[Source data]
=====

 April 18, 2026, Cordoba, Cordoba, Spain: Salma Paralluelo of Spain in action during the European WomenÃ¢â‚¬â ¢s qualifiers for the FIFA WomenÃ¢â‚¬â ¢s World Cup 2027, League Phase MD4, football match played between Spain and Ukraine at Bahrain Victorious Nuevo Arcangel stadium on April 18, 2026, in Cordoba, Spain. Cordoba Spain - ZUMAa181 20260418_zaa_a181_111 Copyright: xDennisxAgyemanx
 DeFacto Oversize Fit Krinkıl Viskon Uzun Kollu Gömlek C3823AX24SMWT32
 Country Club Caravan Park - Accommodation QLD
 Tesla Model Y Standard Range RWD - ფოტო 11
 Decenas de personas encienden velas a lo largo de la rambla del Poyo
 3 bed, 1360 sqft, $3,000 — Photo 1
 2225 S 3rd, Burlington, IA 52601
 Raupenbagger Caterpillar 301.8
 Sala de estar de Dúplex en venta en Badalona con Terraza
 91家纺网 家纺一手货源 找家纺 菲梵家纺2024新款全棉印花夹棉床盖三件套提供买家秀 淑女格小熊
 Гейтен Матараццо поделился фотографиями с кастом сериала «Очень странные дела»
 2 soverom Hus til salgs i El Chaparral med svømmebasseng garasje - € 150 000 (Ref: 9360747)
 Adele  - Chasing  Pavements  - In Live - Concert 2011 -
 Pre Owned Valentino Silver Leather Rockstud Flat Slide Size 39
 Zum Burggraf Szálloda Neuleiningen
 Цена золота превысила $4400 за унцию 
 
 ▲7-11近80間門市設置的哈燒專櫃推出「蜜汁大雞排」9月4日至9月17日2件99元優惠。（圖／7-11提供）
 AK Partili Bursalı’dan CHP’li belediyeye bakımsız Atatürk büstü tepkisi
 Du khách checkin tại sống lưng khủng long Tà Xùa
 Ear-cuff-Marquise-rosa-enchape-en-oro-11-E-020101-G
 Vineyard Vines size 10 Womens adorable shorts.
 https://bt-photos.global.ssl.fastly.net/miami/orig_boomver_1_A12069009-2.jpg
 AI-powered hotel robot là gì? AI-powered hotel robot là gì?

=====

Could you restate all of the lines above without altering a single word?

### Output for this exercise
 April 18, 2026, Cordoba, Cordoba, Spain: Salma Paralluelo of Spain in action during the European WomenÃ¢â‚¬â ¢s qualifiers for the FIFA WomenÃ¢â‚¬â ¢s World Cup 2027, League Phase MD4, football match played between Spain and Ukraine at Bahrain Victorious Nuevo Arcangel stadium on April 18, 2026, in Cordoba, Spain. Cordoba Spain - ZUMAa181 20260418_zaa_a181_111 Copyright: xDennisxAgyemanx
 DeFacto Oversize Fit Krinkıl Viskon Uzun Kollu Gömlek C3823AX24SMWT32
 Country Club Caravan Park - Accommodation QLD
 Tesla Model Y Standard Range RWD - ფოტო 11
 Decenas de personas encienden velas a lo largo de la rambla del Poyo
 3 bed, 1360 sqft, $3,000 — Photo 1
 2225 S 3rd, Burlington, IA 52601
 Raupenbagger Caterpillar 301.8
 Sala de estar de Dúplex en venta en Badalona con Terraza
 91家纺网 家纺一手货源 找家纺 菲梵家纺2024新款全棉印花夹棉床盖三件套提供买家秀 淑女格小熊
 Гейтен Матараццо поделился фотографиями с кастом сериала «Очень странные дела»
 2 soverom Hus til salgs i El Chaparral med svømmebasseng garasje - € 150 000 (Ref: 9360747)
 Adele  - Chasing  Pavements  - In Live - Concert 2011 -
 Pre Owned Valentino Silver Leather Rockstud Flat Slide Size 39
 Zum Burggraf Szálloda Neuleiningen
 Цена золота превысила $4400 за унцию 
 
 ▲7-11近80間門市設置的哈燒專櫃推出「蜜汁大雞排」9月4日至9月17日2件99元優惠。（圖／7-11提供）
 AK Partili Bursalı’dan CHP’li belediyeye bakımsız Atatürk büstü tepkisi
 Du khách checkin tại sống lưng khủng long Tà Xùa
 Ear-cuff-Marquise-rosa-enchape-en-oro-11-E-020101-G
 Vineyard Vines size 10 Womens adorable shorts.
 https://bt-photos.global.ssl.fastly.net/miami/orig_boomver_1_A12069009-2.jpg
 AI-powered hotel robot là gì? AI-powered hotel robot là gì?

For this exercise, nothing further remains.